When you say an educationalist , take, for example, your word domestic … my daughter, because she did it more than others, spent quite a lot of time lying on the sofa with a laptop, maybe the television would be on in the same room, but ending up doing quite well in her ‘A’ levels.  Now when she was lying on the sofa with her laptop she was, in fact, doing her homework.  Maybe slightly half-heartedly, but nonetheless, getting it done.  So that understanding that learning takes place in different ways for different pupils is where I would like to start a conversation with educationalists.  Whether they are teachers in a secondary school or educationalists per se, and then to build a conversation around that, rather than to start with the existing structures of school and try to break them down, you know, try to remodel them because that can be too .. too … to get headteachers or school teachers to disassemble everything can be very difficult and not necessarily wise, although we have managed it on some occasions.  I suppose our shame, or our … er ..frustration, is not necessarily managing to put it back together again for a proposal for a school.  But the conversation for me is most interesting when it starts strategically like that as opposed to  trying to make a catalogue of a great window or a great floor space.

I can see that in your work.  If you had the ability to change just one thing about schools, to transform them magically, what would you do?   

I think that evolution comes through deviation, not necessarily the survival of the fittest.  So I think that successful deviation should be allowed … encouraged to happen.  The problem with schools is that the central government sees the school estate as one thing and is constantly trying to keep up with the school estate and trying to manage it as one thing.  I think it would be much better if a school estate was locally allowed to deviate and for each locality to see the advantage of deviation in its neighbours.  So at the moment there is no capacity or, in fact, desire for any kind of deviation.  So I think this conversation in the cafe between the architect and the educationalist is verboten.  Well, they can have as many conversations as they like, which cannot be allowed to turn into innovation, which is unlike many other periods in history.  I thought when we were doing BSF, that was constrained, but I see now that it was another heyday in its own way, like after the war.

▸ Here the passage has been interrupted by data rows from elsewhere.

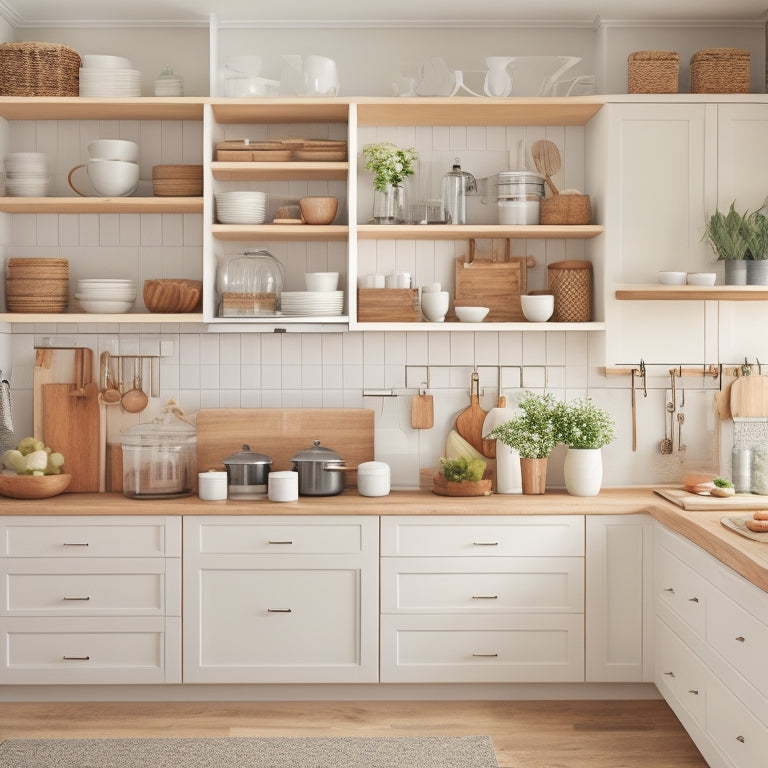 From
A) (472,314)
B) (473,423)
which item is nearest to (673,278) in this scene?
(472,314)

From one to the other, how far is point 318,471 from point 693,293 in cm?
167

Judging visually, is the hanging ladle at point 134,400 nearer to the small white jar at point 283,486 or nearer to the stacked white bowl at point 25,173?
the small white jar at point 283,486

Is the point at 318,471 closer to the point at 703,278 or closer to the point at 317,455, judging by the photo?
the point at 317,455

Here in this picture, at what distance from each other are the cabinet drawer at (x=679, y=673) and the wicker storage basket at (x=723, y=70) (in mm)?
2165

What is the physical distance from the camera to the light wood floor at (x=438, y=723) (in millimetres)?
3305

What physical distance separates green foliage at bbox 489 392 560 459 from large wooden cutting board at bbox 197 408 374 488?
24.5 inches

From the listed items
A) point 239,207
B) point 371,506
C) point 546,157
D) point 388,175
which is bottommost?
point 371,506

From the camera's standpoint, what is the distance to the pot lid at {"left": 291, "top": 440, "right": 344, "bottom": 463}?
3.88 metres

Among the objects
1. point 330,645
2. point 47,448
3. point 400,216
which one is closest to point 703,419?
point 400,216

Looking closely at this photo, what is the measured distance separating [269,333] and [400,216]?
77 centimetres

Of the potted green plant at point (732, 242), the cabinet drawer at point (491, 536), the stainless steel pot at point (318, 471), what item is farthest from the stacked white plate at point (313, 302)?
the potted green plant at point (732, 242)

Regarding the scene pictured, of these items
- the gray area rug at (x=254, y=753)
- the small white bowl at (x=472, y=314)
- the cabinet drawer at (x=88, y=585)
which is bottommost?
the gray area rug at (x=254, y=753)

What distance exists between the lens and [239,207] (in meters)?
3.95

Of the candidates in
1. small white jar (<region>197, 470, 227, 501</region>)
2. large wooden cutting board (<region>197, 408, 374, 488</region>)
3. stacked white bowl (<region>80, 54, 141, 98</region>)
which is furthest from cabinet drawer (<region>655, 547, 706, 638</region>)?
stacked white bowl (<region>80, 54, 141, 98</region>) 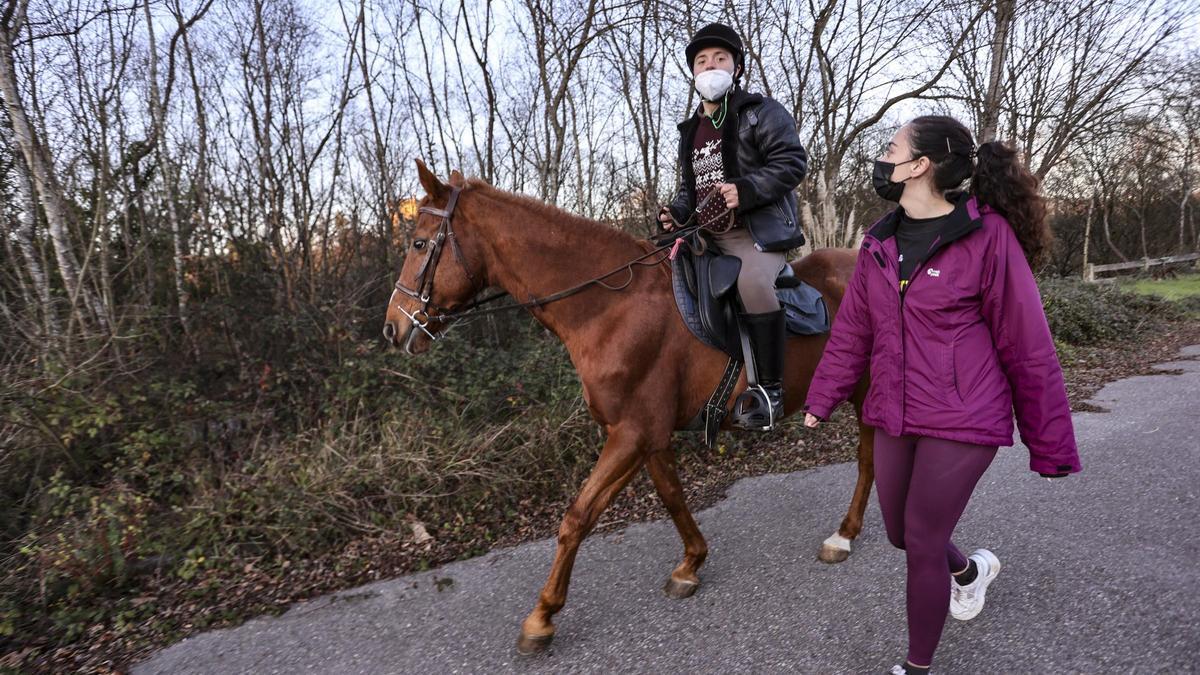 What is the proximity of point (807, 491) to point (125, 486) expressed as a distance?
201 inches

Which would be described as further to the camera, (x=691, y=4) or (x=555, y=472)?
(x=691, y=4)

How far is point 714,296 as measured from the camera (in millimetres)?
2973

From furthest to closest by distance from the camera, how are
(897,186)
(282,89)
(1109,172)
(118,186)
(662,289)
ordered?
(1109,172) < (282,89) < (118,186) < (662,289) < (897,186)

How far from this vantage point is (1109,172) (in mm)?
24984

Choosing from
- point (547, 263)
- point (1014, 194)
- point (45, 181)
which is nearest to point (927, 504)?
point (1014, 194)

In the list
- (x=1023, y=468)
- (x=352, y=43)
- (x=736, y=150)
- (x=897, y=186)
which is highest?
(x=352, y=43)

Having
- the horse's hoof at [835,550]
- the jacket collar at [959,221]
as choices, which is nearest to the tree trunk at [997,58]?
the horse's hoof at [835,550]

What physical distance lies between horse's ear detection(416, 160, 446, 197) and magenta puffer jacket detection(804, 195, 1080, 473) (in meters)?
2.12

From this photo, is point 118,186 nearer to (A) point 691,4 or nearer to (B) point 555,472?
(B) point 555,472

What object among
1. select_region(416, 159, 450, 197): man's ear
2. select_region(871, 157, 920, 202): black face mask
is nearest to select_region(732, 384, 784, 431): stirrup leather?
select_region(871, 157, 920, 202): black face mask

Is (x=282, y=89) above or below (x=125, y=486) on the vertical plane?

So you think they’ve been actively stopped .. these conversations?

Yes.  I think without doubt.  The (previous) government and this next one is building lots of schools but they are prescribed using template designs.  One of the purposes of that was to stop architects spending lots of time and therefore money with local authorities, headteachers, school children, all the people who are going to use the schools because that was seen as expensive.  So I would go so far as to say that schools are seen as disruptive, or certainly the people in them, just like hospitals: if hospitals weren’t so full of patients they’d be easy to run, so much more efficient.

*A carrel or carol, according to Fowler’s Dictionary of Modern English Usage was the name given in medieval English monasteries to a small study in a cloister.  The word dropped out of use in the 16th century but was readopted in the 20th century to denote a private cubicle for reading in a library.

**UCL academy is a secondary school based in Swiss Cottage, Camden, London that is sponsored by University College, London.

This interview with Dominic Cullinan took place on 20th May 2015 at the SCABAL (Studio Cullinan & Buck Architects Limited) offices in Hatton Garden, London.